After you climb up it, of course.


----------



## Brandon351

From the top of Mt. Baldy by the ski lifts, straight down. Switchbacks and technical turns up top, then straight and fast for miles. Perfectly maintained roads the whole time.


----------



## MerlinDS

Rabbit ears pass, steamboat springs, colorado. 7.5 miles, 6 or 7% grade, i think about 2600 vf, didn't have to pedal once all the way down, probably took 10 minutes. Sweet


----------



## rcordray

MerlinDS said:


> Rabbit ears pass, steamboat springs, colorado. 7.5 miles, 6 or 7% grade, i think about 2600 vf, didn't have to pedal once all the way down, probably took 10 minutes. Sweet


With all due respect, Merlin, the OP posted the query in the _Southern California Regional Rides Forum_.
Rabbit Ears Pass is a bit of a longer ride to get there from So Cal...

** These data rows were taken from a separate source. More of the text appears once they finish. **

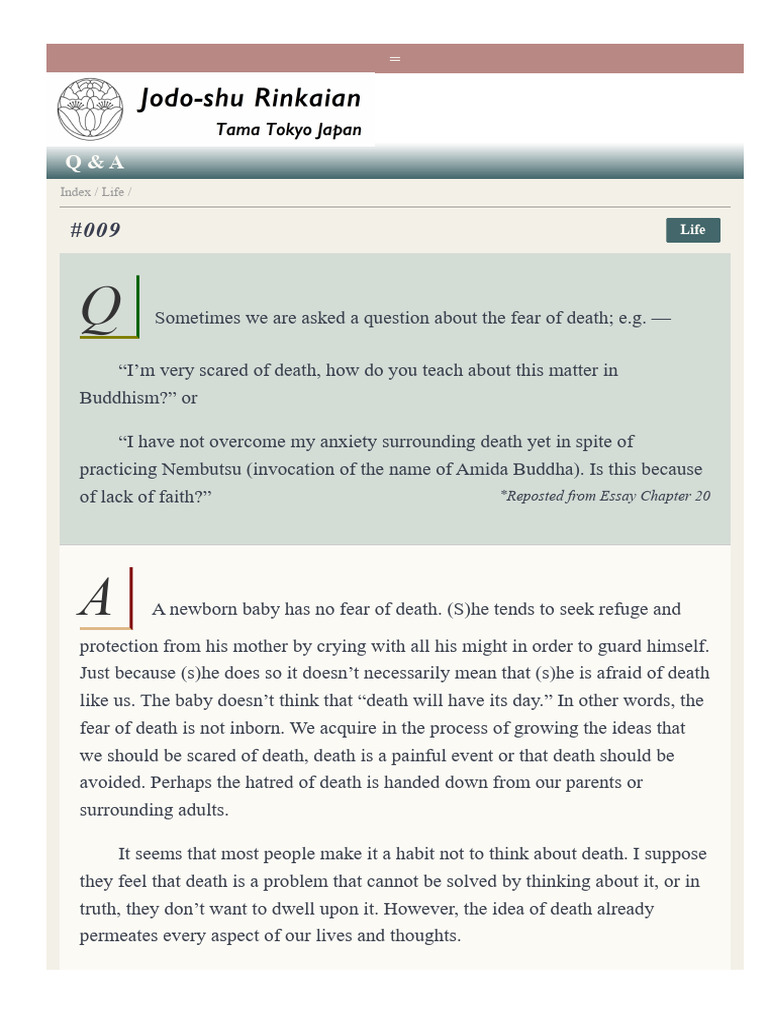 About The Fear of Death - Rinkaian Jodo Shu | PDF
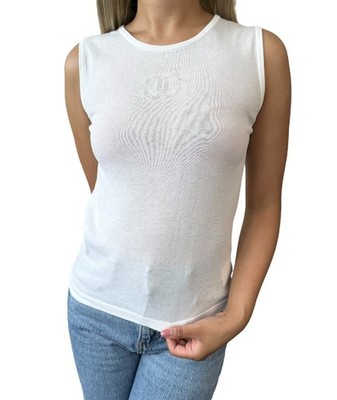 CHANEL Vintage 06P CC Logo Knit Tank Top #38 Pullover White Cotton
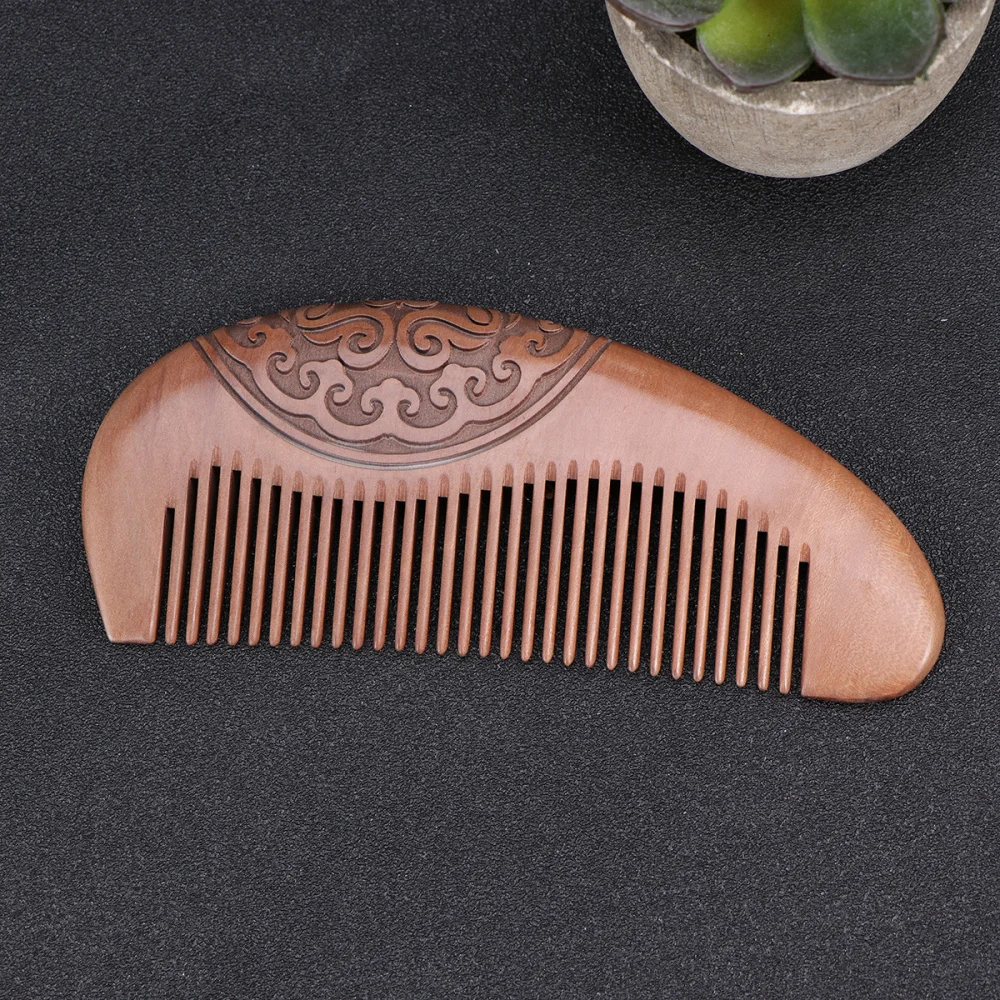 

1pc Double-sided Carved Comb Peach Wooden Comb Scalp Comb for Home Shop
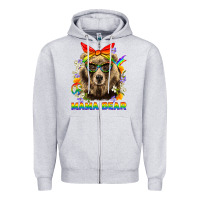 Heather Grey Mama Bear Pride LGBTQ+ Zipper Hoodie - BundleAndBundleShop
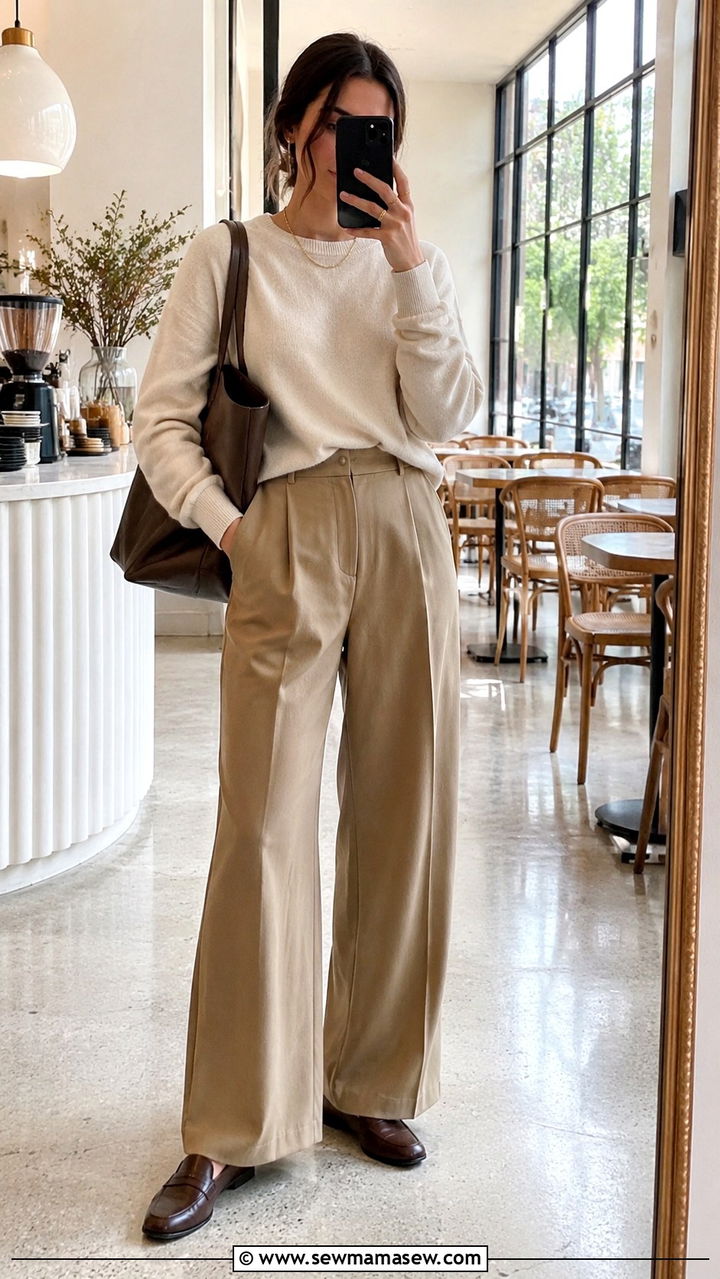 Quiet luxury cashmere sweater wide leg trousers outfit - 30 quiet luxury outfits inspo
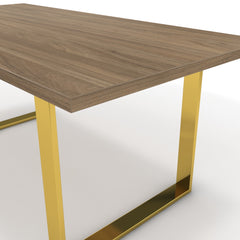 Étkezőasztal - Antara arany lábbal - Világos rauna szil, méret: 180x90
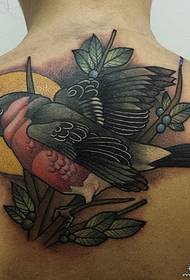indietro Modello di tatuaggio di piante di uccelli scolastici europei e americani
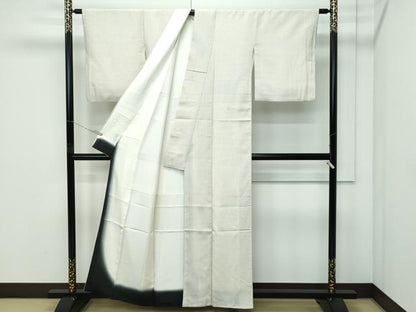 平和屋着物●極上　本塩沢　蚊絣　反端付き　逸品　CZAA5191s6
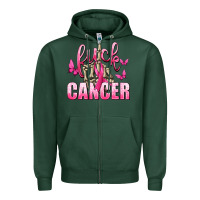 Sports Green Fuck Cancer with Butterflies Zipper Hoodie - texasbilliewilder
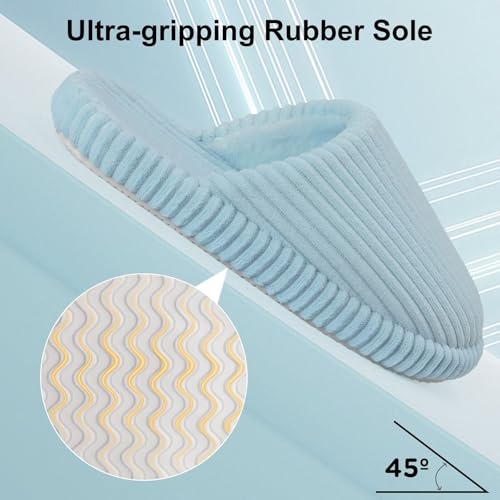 Image of Women Arch Support Slippers - House Bedroom Slippers for Woman, Orthopedic Shoes for Plantar Fasciitis, Corduroy Closed Toe Ladies Slides Outdoor 5-10.5
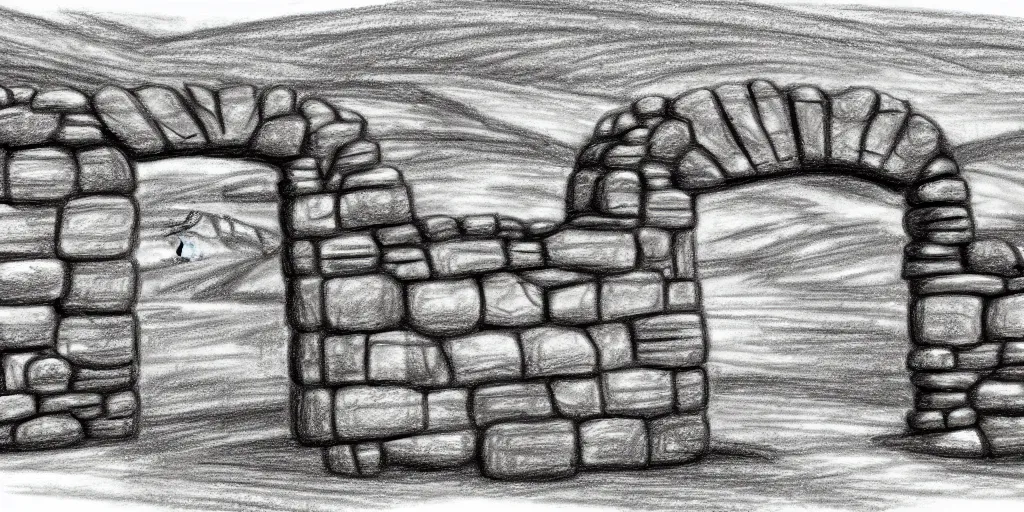 Prompt: Drawing of a large scale field landscape. single gritty stone gate as centerpiece. Stylized. Digital art. 8k. Evocative.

Back on topic, try Highway 33 from Rose Valley Road back down through the Los Padres NF into Ojai.
Great pavement, wide-open vistas in the upper stretch, tunnels, shade, and rock canyons in the lower part. Very nice ride.


----------



## MerlinDS

Sorry guys, I didn't catch that, I just look at latest posts, ok to delete


----------



## AlphaDogCycling

1). Encinal Canyon to PCH -- also a great climb. Pretty constant grade, no major switchbacks until just before PCH
2). Portrero Road off of Lynn Road in Newbury Park to PCH -- Wicked fast descent, some hairy curves, not too bad traffic
3). Old Topango to Topango to PCH


----------



## terrapin4

Brandon351 said:


> From the top of Mt. Baldy by the ski lifts, straight down. Switchbacks and technical turns up top, then straight and fast for miles. Perfectly maintained roads the whole time.


i wouldn't say that the roads are perfectly maintained, there are some serious chunks of asphalt missing that have been taken out by falling rocks. that said, you can pretty much do the whole descent after the village without brakes.

the GMR descent from the shack to the gate or from the saddle down to east fork are my favorites. somewhat technical, but you can take the corners pretty quickly.


----------



## Centurion_

Brandon351 said:


> From the top of Mt. Baldy by the ski lifts, straight down. Switchbacks and technical turns up top, then straight and fast for miles. Perfectly maintained roads the whole time.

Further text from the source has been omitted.